题目是这样的,我下面的代码测试用例输出的都是对的,边界也考虑到了,为什么还是RE无效内存引用啊,在DC和VC上都被和谐了,在VS上就编译失败,求解释啊,泪奔了都。

10. Where's Waldorf?
Background
程序代码:
#include<stdio.h>
#include<stdlib.h>
#include<string.h>
main()
{

 int ca,m,n,i,j,k,z,l,len,find=0,p,man;

 char name[100][50];

 char map[150][150];

 char x[8][60];

      scanf("%d",&ca);
      getchar();
      getchar();
       memset(map, 0, sizeof(map));
      for(l=0;l<ca;l++)     // 大循环控制循环次数
      {
         scanf("%d %d",&m,&n);    //m行数,n列数   
         getchar();
         memset(map, 0, sizeof(map));
        
         for(i=0;i<m;i++)          //输入地图
          for(j=0;j<=n;j++)
            {
              scanf("%c",&map[i][j]);
              if(map[i][j]>='A'&& map[i][j]<='Z')
                map[i][j]+=32;
            }
       
         i=0;j=0;
      
         scanf("%d",&man);
         getchar();
        
         for(k=0;k<man;k++)
         {
            gets(name[k]);
         }
        
         for(k=0;k<man;k++)
         {
            
            memset(x, 0, sizeof(x));
            len=0;
            find=0;
               len=strlen(name[k]);
               for(i=0;i<len;i++)
               {
                 if(name[k][i]>='A' && name[k][i]<='Z')
                 name[k][i]+=32;
               }
               for(i=0;i<m && !find;i++)
                for(j=0;j<=n && !find;j++)
                 {
                   if(name[k][0]==map[i][j])
                   {
                     {
                      for(z=0;z<len;z++)
                       { if(i-z!=-1 && j-z!=-1)       //斜左上
                            x[0][z]=map[i-z][j-z];
                         else  x[0][z]='\0';}
                    
                      for(z=0;z<len;z++) 
                       { if(i-z!=-1)    //
                           x[1][z]=map[i-z][j];
                        else  x[1][z]='\0';}
                       
                      for(z=0;z<len;z++) 
                      { if(i-z!=-1&& j+z!=n)     //斜右上
                           x[2][z]=map[i-z][j+z];
                        else x[2][z]='\0';}
                       
                      for(z=0;z<len;z++)
                      { if(j-z!=-1)    //
                           x[3][z]=map[i][j-z]; 
                        else x[3][z]='\0';}
                      
                      for(z=0;z<len;z++) 
                      { if(j+z!=n)    //
                           x[4][z]=map[i][j+z];
                        else x[4][z]='\0';}
                     
                      for(z=0;z<len;z++) 
                      { if(j-z!=-1 && i+z!=m)   //斜左下
                           x[5][z]=map[i+z][j-z];
                        else x[5][z]='\0';}
                     
                      for(z=0;z<len;z++) 
                      { if(i+z!=m && j!=n)     //
                           x[6][z]=map[i+z][j];
                        else x[6][z]='\0';}
                     
                      for(z=0;z<len;z++) 
                      { if(i+z!=m && j+z!=n)     //斜右下
                           x[7][z]=map[i+z][j+z];
                        else x[7][z]='\0';}
                      }
                    
                    
                      for(p=0;p<8;p++)
                        {
                          if(strcmp(name[k],x[p])==0) 
                          {find=1;
                       
                           printf("%d %d\n",i+1,j+1);
                           break;
                          }
                        }                
                   }
                 }
           
          } 
        if(l<ca-1) printf("\n");     
      }   
        
      
system("pause");
}
            
                   
                       
                     
                      
                  

Given an m by n grid of letters and a list of words, find the location in the grid at which the word can be found.

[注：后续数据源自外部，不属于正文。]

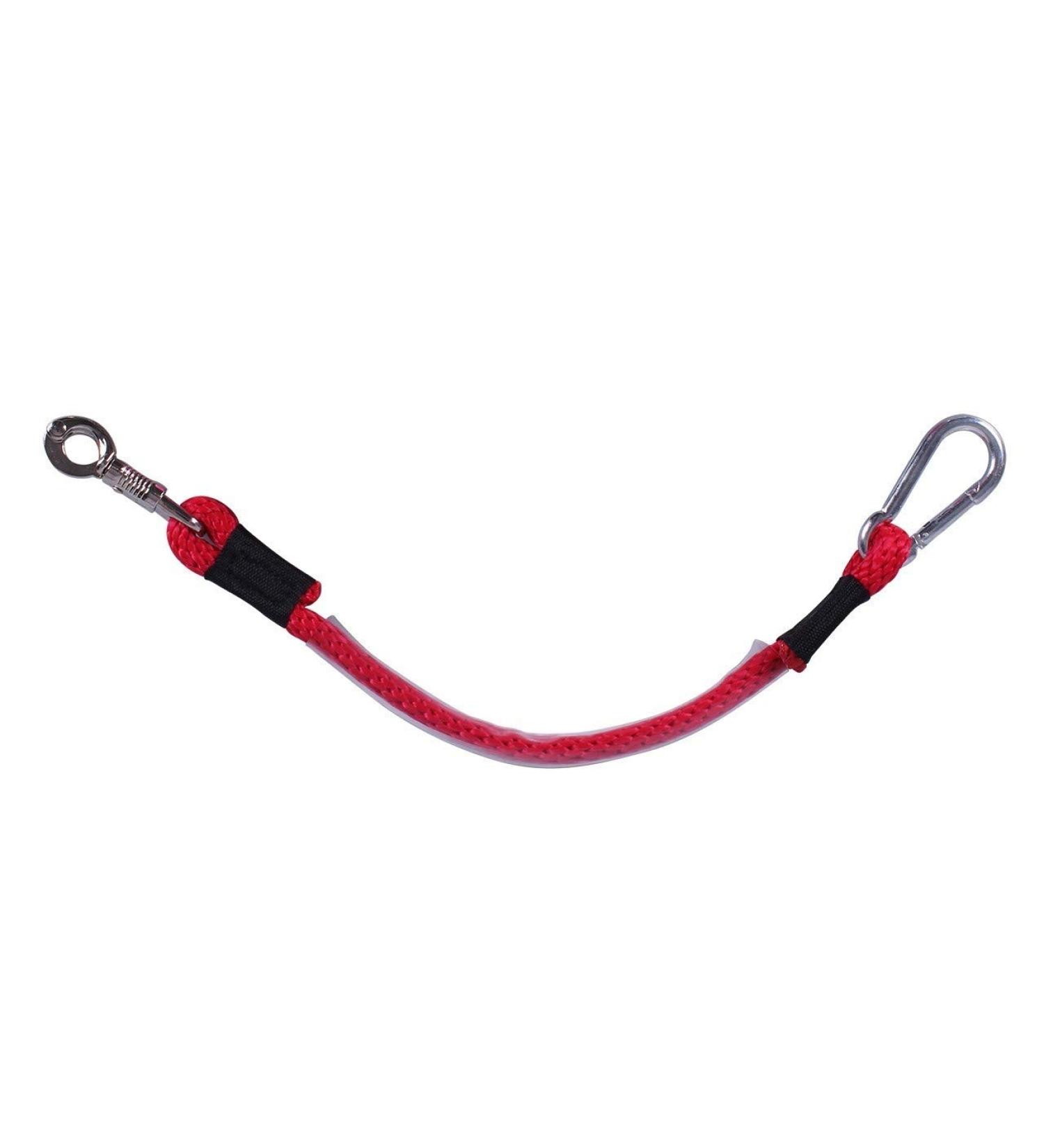 ARBO-INOX - Tie rope for trailers - with carabiner and panic hook - plastic cover (red)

A word matches a straight, uninterrupted line of letters in the grid. A word can match the letters in the grid regardless of case (i.e., upper- and lowercase letters are to be treated as the same). The matching can be done in any of the eight horizontal, vertical, or diagonal directions through the grid.

Input
The input begins with a single positive integer on a line by itself indicating the number of cases, followed by a blank line. There is also a blank line between each two consecutive cases.

Each case begins with a pair of integers m followed by n on a single line, where 1 ≤ m, n ≤ 50 in decimal notation. The next m lines contain n letters each, representing the grid of letters where the words must be found. The letters in the grid may be in upper- or lowercase. Following the grid of letters, another integer k appears on a line by itself (1 ≤ k ≤ 20). The next k lines of input contain the list of words to search for, one word per line. These words may contain upper- and lowercase letters only – no spaces, hyphens, or other non-alphabetic characters.

Output
For each word in each test case, output a pair of integers representing its location in the corresponding grid. The integers must be separated by a single space. The first integer is the line in the grid where the first letter of the given word can be found (1 represents the topmost line in the grid, and m represents the bottommost line). The second integer is the column in the grid where the first letter of the given word can be found (1 represents the leftmost column in the grid, and n represents the rightmost column in the grid). If a word can be found more than once in the grid, then output the location of the uppermost occurrence of the word (i.e., the occurrence which places the first letter of the word closest to the top of the grid). If two or more words are uppermost, output the leftmost of these occurrences. All words can be found at least once in the grid.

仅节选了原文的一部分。